According to its backers, “Red Alert” is essentially a
work of Israeli propaganda at a moment when a majority of Americans view Israel’s government unfavorably. The Israel
Entertainment Fund, in a slide deck featuring “Red Alert,” says that its projects
benefit Israel by “educating viewers and altering perceptions.” Bender said
that “our purpose” in making the show was to “change the conversation” about
Israel among Americans, Europeans, and other viewers abroad.
A deal to reach that crucial international audience
materialized only after Bender encountered David Ellison, the upstart Hollywood
mogul, at a memorial service in September.

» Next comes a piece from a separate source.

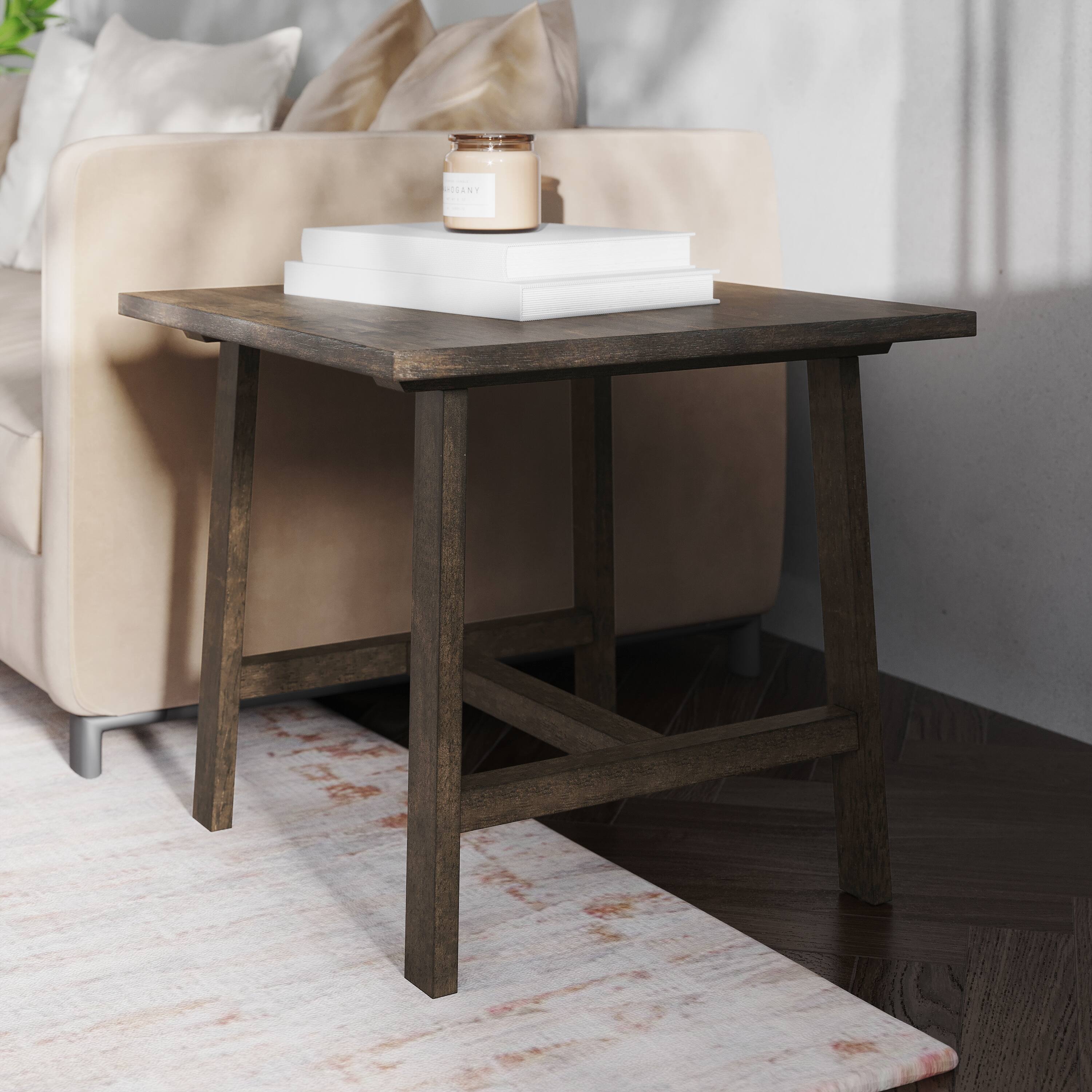 Alt View 3. Emma + Oliver - Saul Solid Wood Farmhouse Trestle End Table - Dark Gray.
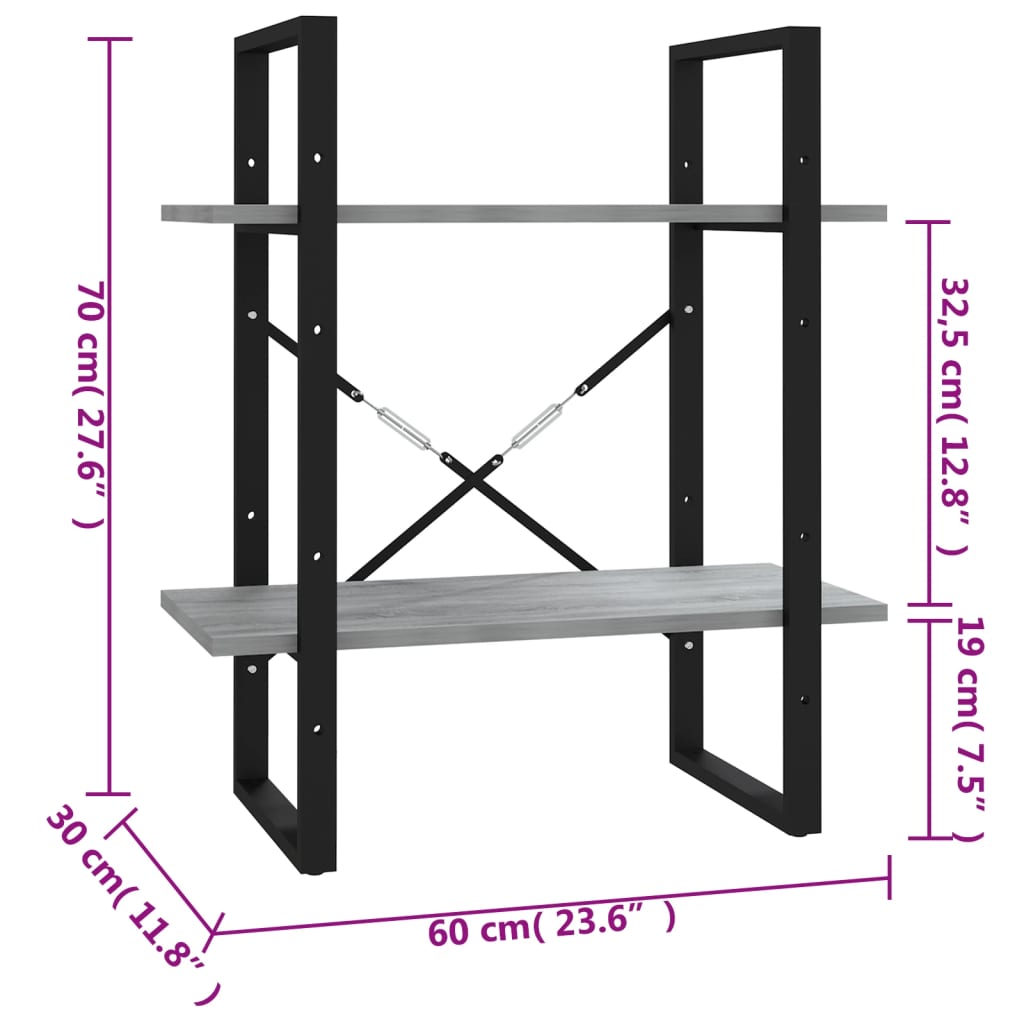 Libreria a 2 Ripiani Grigio Sonoma 60x30x70cm Legno Multistrato | homemem39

With financing from his tech billionaire father, Oracle
executive chairman Larry Ellison, David Ellison had recently merged his Skydance Media with the old-line movie
studio Paramount. “It would be my honor to be a partner in this,” he emailed
after watching “Red Alert,” according to Bender. “In Hollywood, that’s a rare
thing,” Bender said at the JNF–USA conference, describing the studio head as “a big supporter of
Israel.”
Ellison’s “fast ‘yes,’” as he put it, to an Israeli government-aligned drama offers a
window into his thinking as the 42-year-old mogul and his octogenarian father —
the largest shareholder in his son’s business and among the richest individuals in the world — construct an empire
across TV, film, news, and social media. After acquiring Paramount for $8
billion over the summer, and the broadcast network CBS along with it, he
finalized a $150 million deal for reactionary online outlet The Free Press in
October and installed its CEO, the Zionist pundit Bari Weiss, as the top editor
of CBS News. Ellison was drawn to Weiss in part because of her “pro-Israel
stance,” according to The Financial Times.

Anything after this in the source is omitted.